--- What is required ---
Take the material below and reproduce, word for word, only the lines from the line with "Photo of 2024" through the line with "Photo 2 of 610 San Felipe Road".

--- Data provided ---
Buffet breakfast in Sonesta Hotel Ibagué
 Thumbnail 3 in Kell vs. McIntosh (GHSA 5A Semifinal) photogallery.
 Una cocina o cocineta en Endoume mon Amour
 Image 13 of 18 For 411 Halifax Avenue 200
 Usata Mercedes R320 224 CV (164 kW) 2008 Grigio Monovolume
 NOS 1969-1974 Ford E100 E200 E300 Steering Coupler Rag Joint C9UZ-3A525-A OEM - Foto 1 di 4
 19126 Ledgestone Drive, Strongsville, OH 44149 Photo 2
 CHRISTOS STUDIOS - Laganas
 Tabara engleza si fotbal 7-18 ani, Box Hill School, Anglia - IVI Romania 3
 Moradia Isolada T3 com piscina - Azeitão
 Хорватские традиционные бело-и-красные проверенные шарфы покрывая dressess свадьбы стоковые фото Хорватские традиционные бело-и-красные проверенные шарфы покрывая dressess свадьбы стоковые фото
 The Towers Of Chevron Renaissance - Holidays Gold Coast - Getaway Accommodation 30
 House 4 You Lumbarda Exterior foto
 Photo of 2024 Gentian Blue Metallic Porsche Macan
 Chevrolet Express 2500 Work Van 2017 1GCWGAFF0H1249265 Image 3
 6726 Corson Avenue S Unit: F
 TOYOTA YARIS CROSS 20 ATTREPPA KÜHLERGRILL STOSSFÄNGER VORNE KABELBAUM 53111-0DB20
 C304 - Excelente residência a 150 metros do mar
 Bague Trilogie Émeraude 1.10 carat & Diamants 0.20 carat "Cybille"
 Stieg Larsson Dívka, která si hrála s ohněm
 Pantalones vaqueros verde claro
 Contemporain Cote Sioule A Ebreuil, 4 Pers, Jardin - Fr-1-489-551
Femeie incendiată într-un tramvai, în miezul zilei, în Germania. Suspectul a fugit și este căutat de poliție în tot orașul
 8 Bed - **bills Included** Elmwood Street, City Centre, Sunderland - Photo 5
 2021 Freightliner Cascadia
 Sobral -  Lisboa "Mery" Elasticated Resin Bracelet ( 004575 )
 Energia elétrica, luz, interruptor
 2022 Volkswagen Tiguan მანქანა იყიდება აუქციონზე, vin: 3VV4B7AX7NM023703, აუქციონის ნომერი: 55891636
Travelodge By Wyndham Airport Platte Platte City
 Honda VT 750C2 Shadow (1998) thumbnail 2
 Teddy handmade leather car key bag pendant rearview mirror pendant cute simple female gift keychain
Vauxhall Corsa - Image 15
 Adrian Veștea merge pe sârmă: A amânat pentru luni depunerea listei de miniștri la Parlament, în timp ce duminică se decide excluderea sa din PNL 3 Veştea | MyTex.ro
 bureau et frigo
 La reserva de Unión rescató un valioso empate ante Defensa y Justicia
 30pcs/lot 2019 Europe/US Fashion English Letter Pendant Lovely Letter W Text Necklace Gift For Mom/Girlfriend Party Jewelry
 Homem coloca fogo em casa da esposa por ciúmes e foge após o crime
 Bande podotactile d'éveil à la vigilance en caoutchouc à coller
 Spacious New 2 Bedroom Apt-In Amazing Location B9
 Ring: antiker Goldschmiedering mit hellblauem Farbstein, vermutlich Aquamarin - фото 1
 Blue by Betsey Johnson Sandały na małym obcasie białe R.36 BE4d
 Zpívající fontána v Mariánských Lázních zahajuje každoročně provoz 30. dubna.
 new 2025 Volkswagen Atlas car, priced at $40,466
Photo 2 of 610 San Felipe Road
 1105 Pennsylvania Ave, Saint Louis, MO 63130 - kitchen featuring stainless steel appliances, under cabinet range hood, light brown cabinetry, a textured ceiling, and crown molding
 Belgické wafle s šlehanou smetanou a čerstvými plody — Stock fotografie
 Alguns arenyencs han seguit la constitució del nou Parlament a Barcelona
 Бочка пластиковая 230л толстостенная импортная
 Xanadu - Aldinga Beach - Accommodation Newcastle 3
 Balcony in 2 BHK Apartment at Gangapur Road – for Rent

--- Exercise response ---
 Photo of 2024 Gentian Blue Metallic Porsche Macan
 Chevrolet Express 2500 Work Van 2017 1GCWGAFF0H1249265 Image 3
 6726 Corson Avenue S Unit: F
 TOYOTA YARIS CROSS 20 ATTREPPA KÜHLERGRILL STOSSFÄNGER VORNE KABELBAUM 53111-0DB20
 C304 - Excelente residência a 150 metros do mar
 Bague Trilogie Émeraude 1.10 carat & Diamants 0.20 carat "Cybille"
 Stieg Larsson Dívka, která si hrála s ohněm
 Pantalones vaqueros verde claro
 Contemporain Cote Sioule A Ebreuil, 4 Pers, Jardin - Fr-1-489-551
Femeie incendiată într-un tramvai, în miezul zilei, în Germania. Suspectul a fugit și este căutat de poliție în tot orașul
 8 Bed - **bills Included** Elmwood Street, City Centre, Sunderland - Photo 5
 2021 Freightliner Cascadia
 Sobral -  Lisboa "Mery" Elasticated Resin Bracelet ( 004575 )
 Energia elétrica, luz, interruptor
 2022 Volkswagen Tiguan მანქანა იყიდება აუქციონზე, vin: 3VV4B7AX7NM023703, აუქციონის ნომერი: 55891636
Travelodge By Wyndham Airport Platte Platte City
 Honda VT 750C2 Shadow (1998) thumbnail 2
 Teddy handmade leather car key bag pendant rearview mirror pendant cute simple female gift keychain
Vauxhall Corsa - Image 15
 Adrian Veștea merge pe sârmă: A amânat pentru luni depunerea listei de miniștri la Parlament, în timp ce duminică se decide excluderea sa din PNL 3 Veştea | MyTex.ro
 bureau et frigo
 La reserva de Unión rescató un valioso empate ante Defensa y Justicia
 30pcs/lot 2019 Europe/US Fashion English Letter Pendant Lovely Letter W Text Necklace Gift For Mom/Girlfriend Party Jewelry
 Homem coloca fogo em casa da esposa por ciúmes e foge após o crime
 Bande podotactile d'éveil à la vigilance en caoutchouc à coller
 Spacious New 2 Bedroom Apt-In Amazing Location B9
 Ring: antiker Goldschmiedering mit hellblauem Farbstein, vermutlich Aquamarin - фото 1
 Blue by Betsey Johnson Sandały na małym obcasie białe R.36 BE4d
 Zpívající fontána v Mariánských Lázních zahajuje každoročně provoz 30. dubna.
 new 2025 Volkswagen Atlas car, priced at $40,466
Photo 2 of 610 San Felipe Road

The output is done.